### Exercise goal:
Below are the entries to work from; restate word for word the portion that opens with the line containing "Obstsalat mit Hanfsamen" and closes with the line containing "Geometric pastel sweater - Picture 1 of 4", keeping both.

Items from a data source:
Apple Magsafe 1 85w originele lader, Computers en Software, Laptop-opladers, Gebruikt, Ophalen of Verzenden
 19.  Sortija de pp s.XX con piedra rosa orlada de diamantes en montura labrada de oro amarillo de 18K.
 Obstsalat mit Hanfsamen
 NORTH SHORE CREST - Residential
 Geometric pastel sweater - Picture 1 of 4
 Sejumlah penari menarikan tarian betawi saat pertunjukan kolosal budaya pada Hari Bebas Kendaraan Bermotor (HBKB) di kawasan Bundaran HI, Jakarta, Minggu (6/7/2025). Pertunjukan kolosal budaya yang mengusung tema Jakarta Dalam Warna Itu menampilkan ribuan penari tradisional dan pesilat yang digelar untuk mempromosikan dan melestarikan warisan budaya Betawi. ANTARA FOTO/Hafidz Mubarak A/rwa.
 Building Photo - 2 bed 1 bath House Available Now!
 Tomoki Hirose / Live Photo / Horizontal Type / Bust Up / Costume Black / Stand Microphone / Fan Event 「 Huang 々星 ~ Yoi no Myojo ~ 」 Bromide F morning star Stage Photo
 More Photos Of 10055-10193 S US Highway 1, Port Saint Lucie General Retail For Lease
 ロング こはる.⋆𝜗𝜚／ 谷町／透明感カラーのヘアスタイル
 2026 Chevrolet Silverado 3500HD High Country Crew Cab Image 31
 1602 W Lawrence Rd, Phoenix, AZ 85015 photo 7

### Exercise response:
 Obstsalat mit Hanfsamen
 NORTH SHORE CREST - Residential
 Geometric pastel sweater - Picture 1 of 4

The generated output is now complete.